El 16 y el 17 de marzo, habían coincidido la retirada de la estatua ecuestre de Francisco Franco en la plaza madrileña de San Juan de la Cruz y un homenaje sorpresa a Santiago Carrillo que fue respaldado con su asistencia por el propio presidente del Gobierno José Luis Rodríguez Zapatero. El contraste en el trato a uno y otro personajes generó una gran polémica en la derecha española, que siempre ha considerado a Carrillo un criminal de guerra por su intervención en 2.500 fusilamientos en la retaguardia republicana en noviembre y diciembre de 1936. A esta controversia se refiere el primer párrafo de "Nuestra guerra". Sobre Franco, la Guerra Civil y la Transición, pueden leerse también "Con minúscula" y "El ángel de la Transición". Un mes después, varios ultraderechistas trataron de agredir a Santiago Carrillo en la librería Crisol, de Madrid, durante el acto de presentación del libro Historia de las dos Españas, de Santos Juliá.

Sobre la responsabilidad de Carrillo en los fusilamientos de Paracuellos del Jarama cuando era consejero de Orden Público de la Junta de Defensa de Madrid (acababa de ingresar en el PCE procedente de la facción más radical del PSOE, liderada entonces por Francisco Largo Caballero), la denuncia más implacable es la de Ricardo de la Cierva, en obras como Carrillo miente. De la Cierva perdió a su padre en Paracuellos y su ideología es marcadamente antagónica de la de Carrillo, pero un historiador intachable como Ian Gibson, además simpatizante izquierdista, suscribe la responsabilidad de Carrillo y neutraliza así la notable subjetividad del autor citado.
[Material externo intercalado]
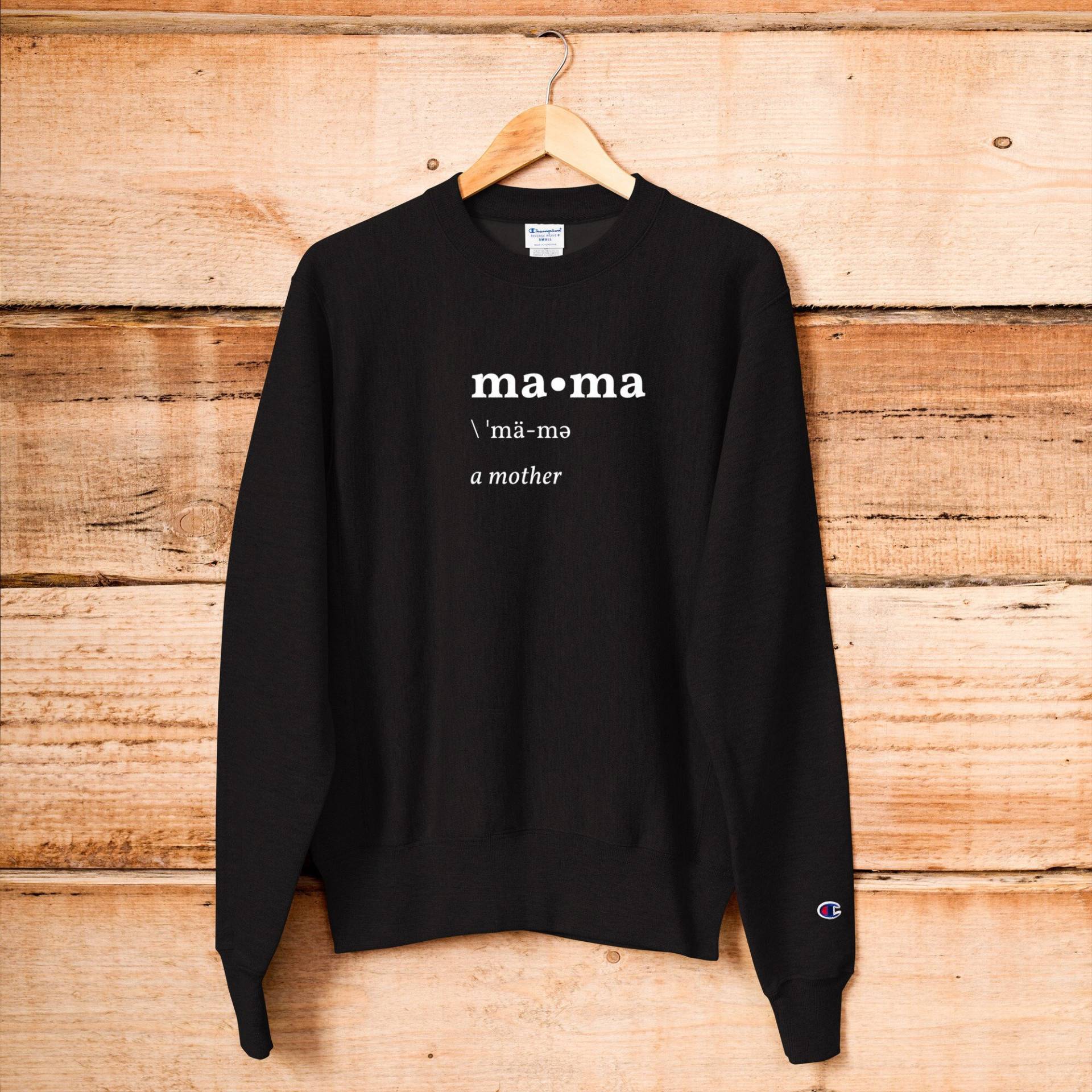 Champion Sweatshirt, Hoodie, Hoodie Saison, Sammle Deinen Schwarz, Langarm, Bestseller, Neue Mama, Mutter, Mama von Mpj4u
En marzo de 1939, y con la guerra evidentemente perdida, el coronel Segismundo Casado y sectores del PSOE, entre los que se encontraba Wenceslao Carrillo, padre de Santiago, se levantaron contra el gobierno de Juan Negrín y comunistas, a los que se decía que Negrín había favorecido, y negociaron con Franco la entrega incruenta de Madrid. Santiago, al enterarse, juzgó la rendición una traición y escribió una carta abierta a su padre en la que renegaba de él y ensalzaba, en cambio, el heroísmo del PCE, partidario de la resistencia hasta el final, así como a Stalin y a la Unión Soviética.